#### Your objective:
Print the line containing "time-lapse frame, Hurtigruten", then every line after it through the end of the material, exactly as written and without pictures.

#### Data below:
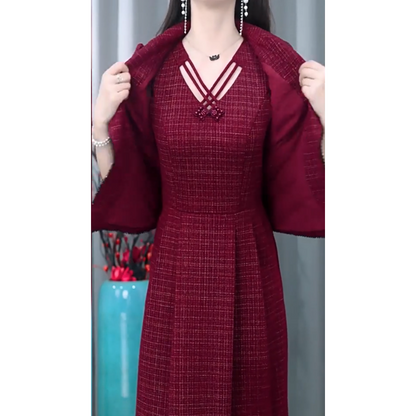 🎉Bonne année ! 50 % de réduction 🛍️Ensemble 2 pièces blazer et robe sans manches pour femme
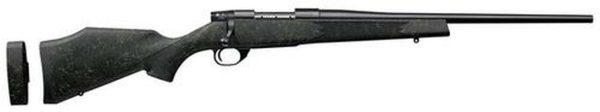 Weatherby Vanguard Volt, .243 Win, 20", Blued, Synthetic Stock, Green Webbing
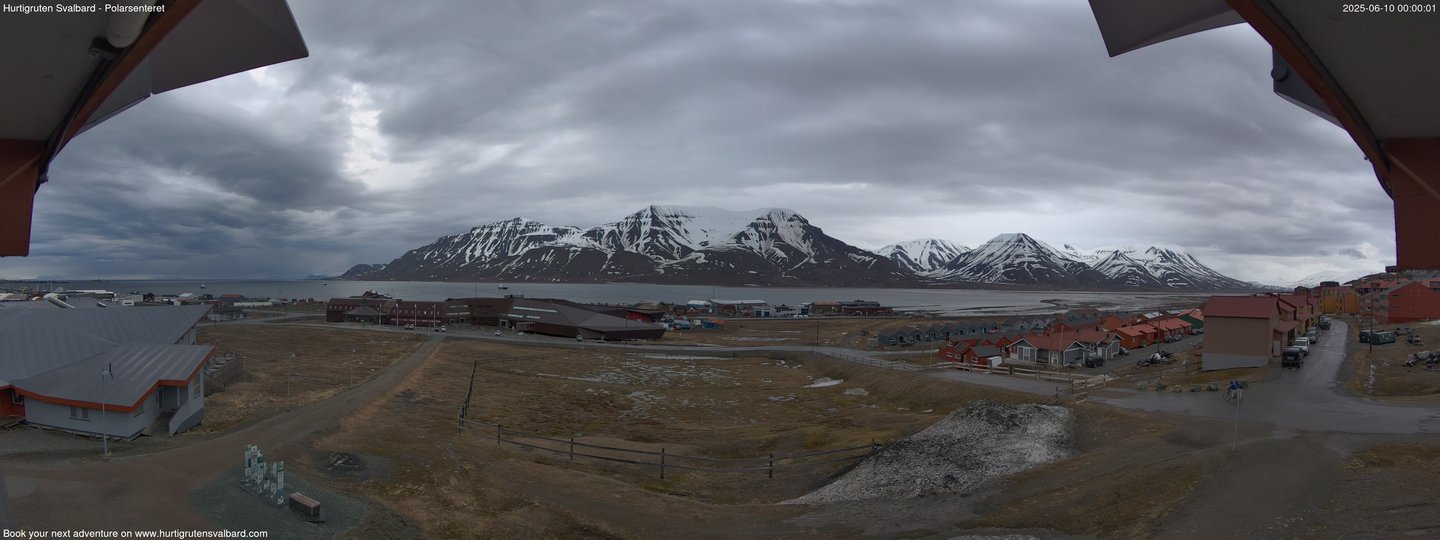time-lapse frame, Hurtigruten Svalbard - Hiorthfjellet webcam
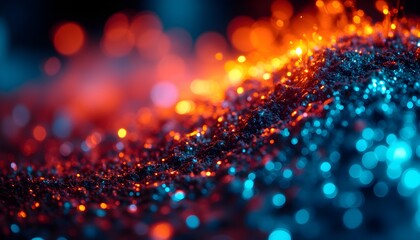 Spectacular desktop background or bright graphic resource for bold projects: color, light, neon digital fantasy with multi-valued interpretation, macro or micro worlds, reality or surrealism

#### Result of the task:
time-lapse frame, Hurtigruten Svalbard - Hiorthfjellet webcam
 Spectacular desktop background or bright graphic resource for bold projects: color, light, neon digital fantasy with multi-valued interpretation, macro or micro worlds, reality or surrealism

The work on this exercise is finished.